Report submitted to UN claims radioactive waste dumped in Heights, land confiscated, water stolen.

druse village 224.88 (photo credit: AP)
druse village 224.88
(photo credit: AP)
A report submitted to the UN by Syria blames Israel with maltreatment of Druse residents of the Golan Heights. The report was issued to a special UN committee dealing with human rights violations, and handed to its Sri Lankan head, Israel Radio reported Saturday. According to Damascus's claims, Israel dumps radioactive waste in the Golan and confiscates identity cards of Druse students who leave for studies in Damascus. Israel is also stealing water from reservoirs in the Heights and continues confiscating lands, Syria claimed. The regime also claimed that Israel has recently succeeded in bringing 50,000 new "settlers" to the Golan Heights.
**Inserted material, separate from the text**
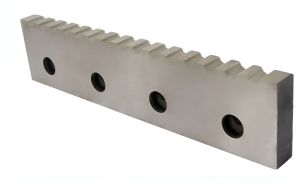 Plastic Agglomerator Blades, Certification : ISI Certified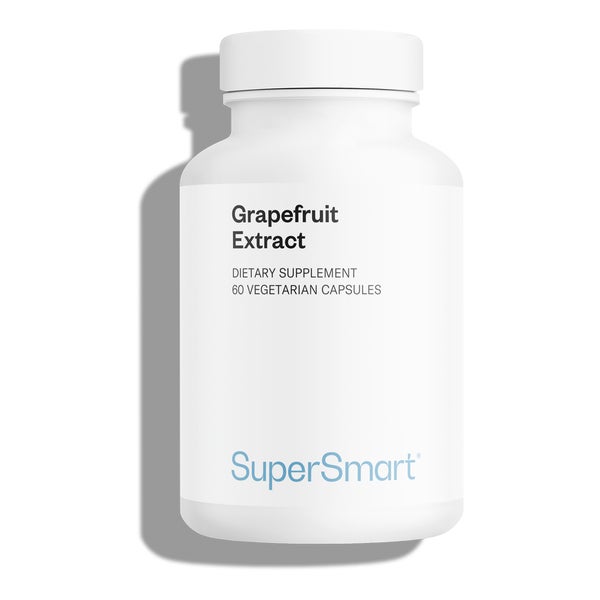 SuperSmart - Grapefruit Extract 60 g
Israel's official census cites the population of the Golan at about 20,000. Representatives of the UN committee said Israel refused their request to examine the veracity of the report by allowing them to conduct a visit to the Golan. Despite the Syrian report to the UN, Turkish officials in Ankara said Saturday that talks between Jerusalem and Damascus were progressing well and raised the option that direct talks between the two countries might soon take place. Syrian Foreign Minister Walid al-Moalem said during a visit to Paris on Friday that it was still early to discuss direct talks, also brushing aside reports that Syrian President Bashar Assad might shake the hand of Prime Minister Ehud Olmert in an upcoming conference of Mediterranean countries scheduled to take place in Paris later in July. Moalem added that Israel's demand that Syria disconnect from Iran, Hamas and Hizbullah was tantamount to Damascus asking Israel to cut its ties with the US, a statement similar to utterances Syrian officials have made in the past. Israel Radio reproduced Saturday a BBC report that quoted Syrian sources saying that the country would "laud" direct negotiations. In related news, the London-based pan-Arabic paper Asharq al-Awsat reported that the latest round of Turkish-mediated talks focused on the relations of Syria with Hizbullah and Iran. The paper added that the talks were held in a "serious and positive" atmosphere.